The use of catheters to access the central venous system is a well-established and important method for administering life-saving drugs and fluids as well as monitoring patient hemodynamics. Since 1984, research has shown that using ultrasound (US) to assist with central venous cannulation (CVC) improves success rates and lowers complications.1 Multiple studies have confirmed these findings and demonstrated that ultrasound guided CVC increases success rate, lowers complications and reduces costs.2–4 This evidence has led several large medical organizations and government agencies to recommend the use of ultrasound guidance for CVC.5–9 Despite the evidence and recommendations, surveys have found that the availability of ultrasound in community emergency departments (ED) is less than 50% 10–11 and in those hospitals where access to ultrasound in the ED is higher, almost half of physicians felt they had inadequate training and a quarter of physicians indicated that they felt “uncomfortable” or “very uncomfortable” using ultrasound for CVC.12
To make US guided CVC easier, many different ultrasound systems have been proposed. One such system, the AxoTrack® System, was developed by Soma Access Systems (Greenville, SC) to simplify ultrasound guided CVC. The AxoTrack® system is an ultrasound probe with a built-in needle guidance system that incorporates technology to give the operator real-time information not only on the direction of the needle but also actual knowledge of the needle location at all times throughout the procedure. The purpose of this study is to describe the safety and efficacy of the AxoTrack® system in the first 50 subjects following FDA clearance in February 2012.
The AxoTrack® System
The AxoTrack® system includes an ultrasound probe with a needle guide that extends through the body of the ultrasound probe making the path of the needle coincident and coplanar within the ultrasound beam (see Figure 1). Additionally, the probe houses a separate set of magnetic sensors that monitor the depth of the needle and projects on the ultrasound system monitor a real-time, virtual image of the needle as it moves toward the intended central vein. The procedure is performed by first aligning the on-screen target line (which corresponds with the path the needle will take when inserted) with the intended central vein that is displayed on the monitor. Once the target line and intended central vein are aligned, the needle is inserted through the needle guide in the probe and advanced while observing its progress until the needle enters the intended central vein. The AxoTrack®system also incorporates a needle clamping mechanism that can be used to stabilize the needle once it has reached the intended central vein. This mechanism allows the operator to leave the probe on the body and continue scanning during guide-wire passage, allowing for real-time confirmation of guide-wire positioning.
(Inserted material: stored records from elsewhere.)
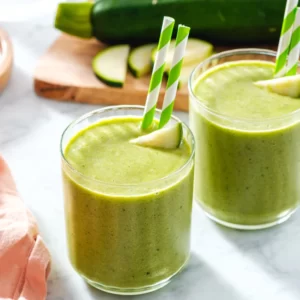Pick Drink From A-Z & We'll Guess Your Age Quiz Zucchini smoothie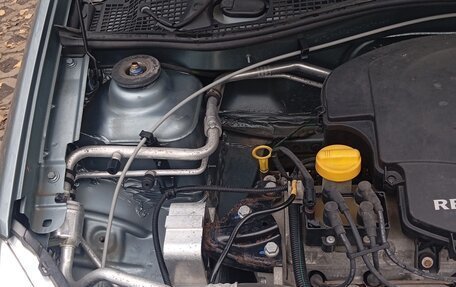 Renault Sandero I, 2011 год, 690 000 рублей, 13 фотография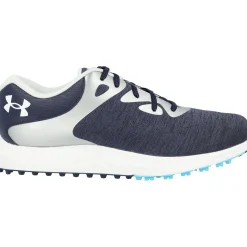 Under Armour UA Charged Breathe 2 Knit SL Spikeless Golf Shoes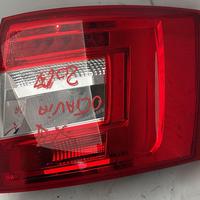 STOP FANALE POSTERIORE DESTRO SKODA Octavia Berlin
The AxoTrack® system is incorporated onto the FUJIFILM SonoSite M-turbo (Bothell, WA) and Terason t3000 (Burlington, MA) platforms. Both machines were used in this study at each study location.
The AxoTrack® system was cleared by the FDA for human use in February, 2012. Since that time, three systems were made available for clinical use by Soma Access Systems. These systems were placed at Vanderbilt University Medical Center, Nashville, TN, Palmetto Health Richland, Columbia, SC and Palmetto Health Baptist, Columbia, SC. Resident and attending physicians as well as nurse practitioners who worked in the intensive care unit (ICU) or ED and who routinely placed central lines were trained how to use the system. Training included a standard 20-minute lecture and orientation to the system. Following this lecture, trainees were given hands-on instruction with the use of a Blue Phantom (Bothell, WA) head and neck ultrasound phantom that featured simulated anatomy of the Internal Jugular, Subclavian and Axillary veins. They were required to successfully place the needle in at least the Internal Jugular or Subclavian vein of the phantom during the hands on training.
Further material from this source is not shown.